On a Linux system, the following must be true for a normally-installed
LDM to dump a corefile:

    1.  "ulimit -c" must return a non-zero value (preferably "unlimited")

    2.  The file "/proc/sys/kernel/suid_dumpable" must contain a "2".

> the downstream machines have this message in their ldmd.log

> NOTICE: requester6.c:447; ldm_clnt.c:310: nullproc_6 failure to
> eldmf1.fsl.no aa.gov; ldm_clnt.c:145: RPC: Timed out

The above means that a downstream LDM-6 process sent a NULLPROC message
to an upstream LDM-6 but the reply from the upstream LDM-6 timed-out.
An obvious candidate is that the upstream LDM lacks an ALLOW entry for 
the downstream host in the upstream LDM's configuration-file.

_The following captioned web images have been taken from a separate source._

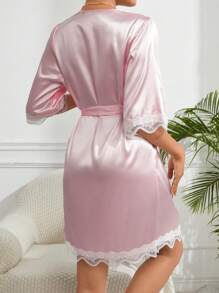 SHEIN Lace Patchwork Women's Robe Luxe Loungewear, Fall, Winter - Baby Pink - View 3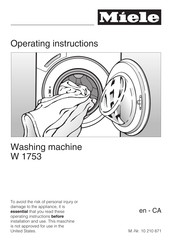 Miele W 1753 Operating Instructions Manual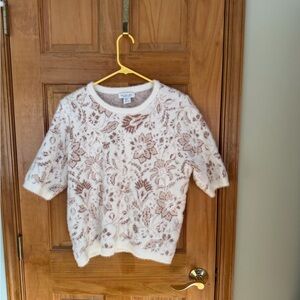 Rachel Zoe Cream and Brown Floral Sweater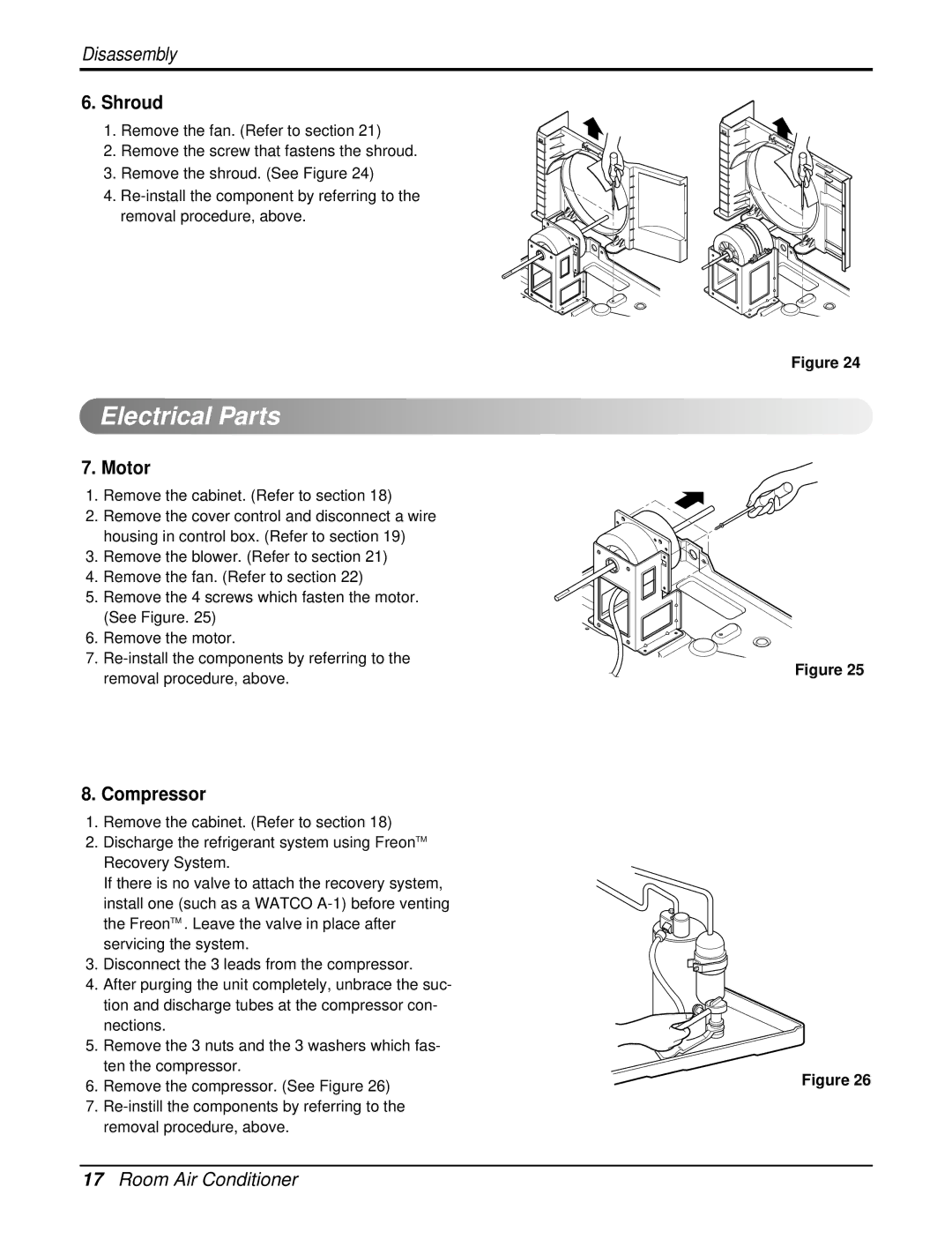 LG Electronics RAD-183A, WG1805RY6, WG2405RY6, RAD-243A service manual Electrical Parts, Shroud, Motor, Compressor 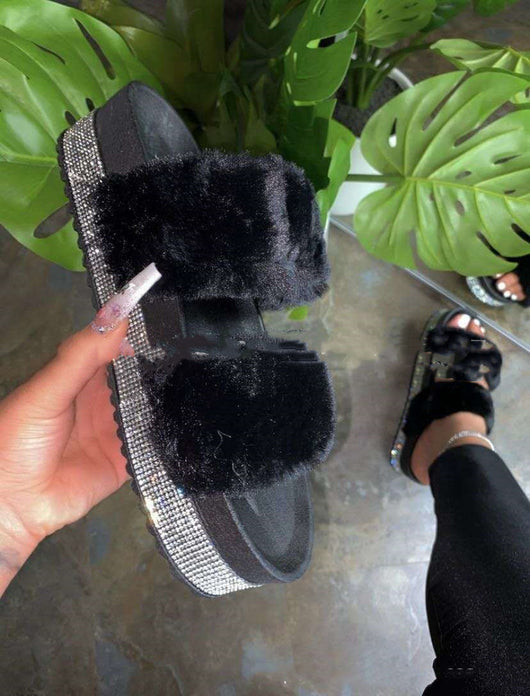 Pantuflas Brillantes Esponjosas con Plataforma y Cuña - Image 17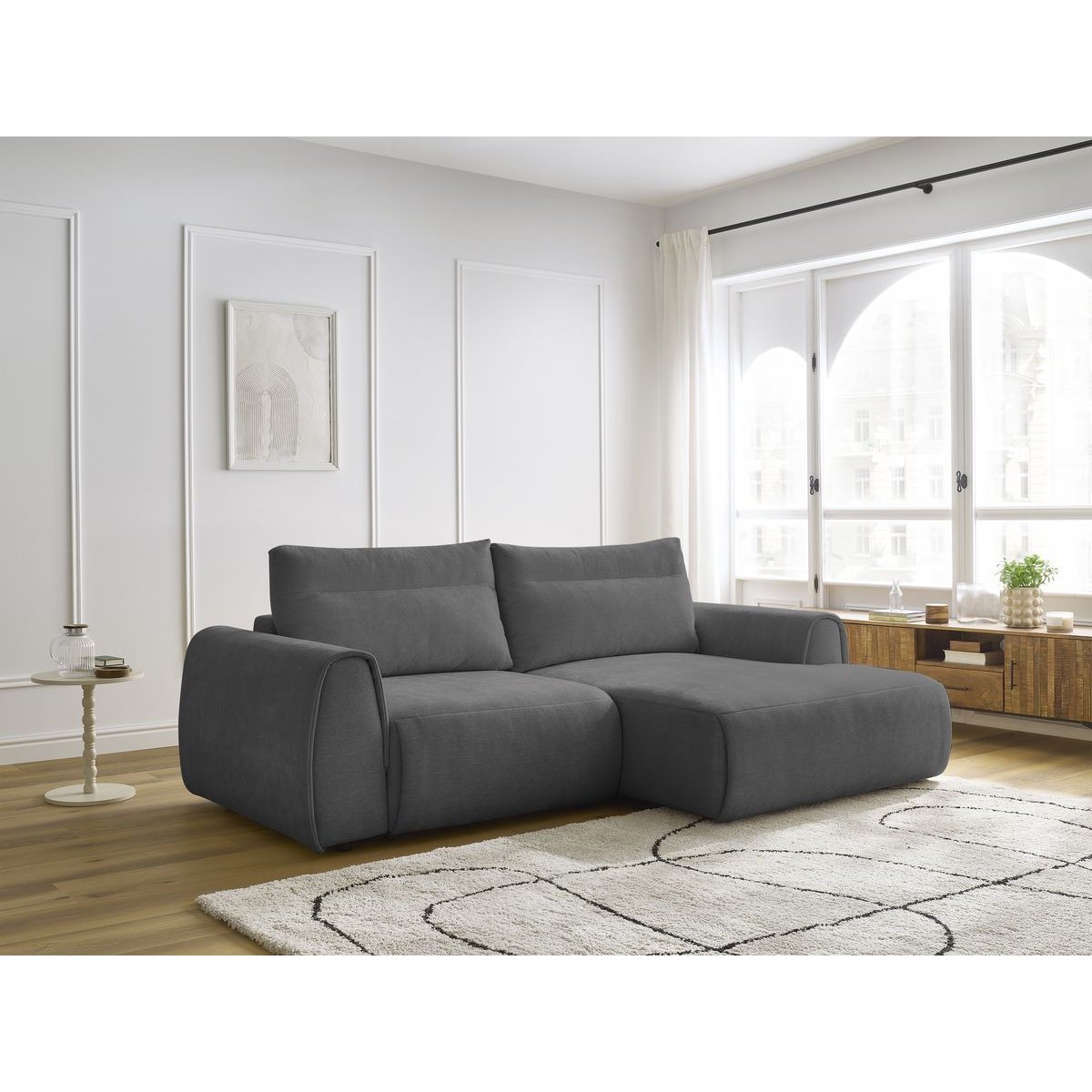 Canapé d'angle fixe compact 3 places tissu lisse, ADEN gris foncé, BOBOCHIC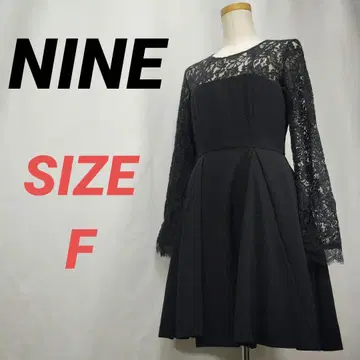 NINE 나인 레이스 원피스 드레스 레이스 슬리브 플레어 블랙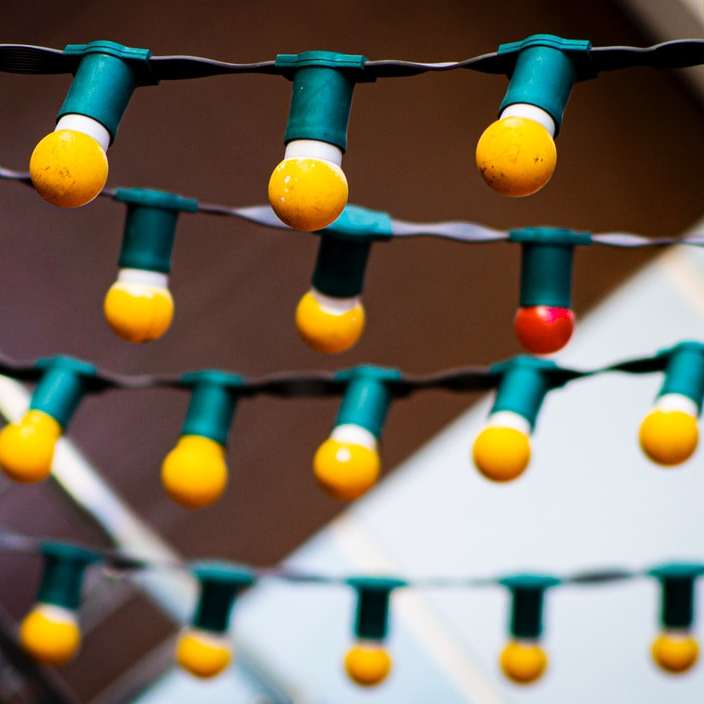 yellow green and blue string lights sliding puzzle online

What does the following command return when executed on the downstream
host?

    /usr/sbin/rpcinfo -n 388 -t eldmf1.fsl.no aa.gov 300029 6

This command bypasses the LDM on the downstream host, completely and
should indicate that the LDM on the upstream host is available, e.g.,

    $ /usr/sbin/rpcinfo -n 388 -t oliver.unidata.ucar.edu 300029 6
    program 300029 version 6 ready and waiting

If it fails, then is there anything corresponding to the connection
attempt in the logfile of the upstream LDM?
    
> I have been testing for weeks now on many os' and different kernels
> and eventually ldm always crashes with the above error.

What version of the LDM?

> I have attached the ldmd.log.

I didn't see any evidence of the LDM crashing in the logfile you sent.

> I have no idea what else to test.  Hope you have
> insights, as I'm all out of troubleshooting ideas.  Thanks.  Sarah
...

Regards,
Steve Emmerson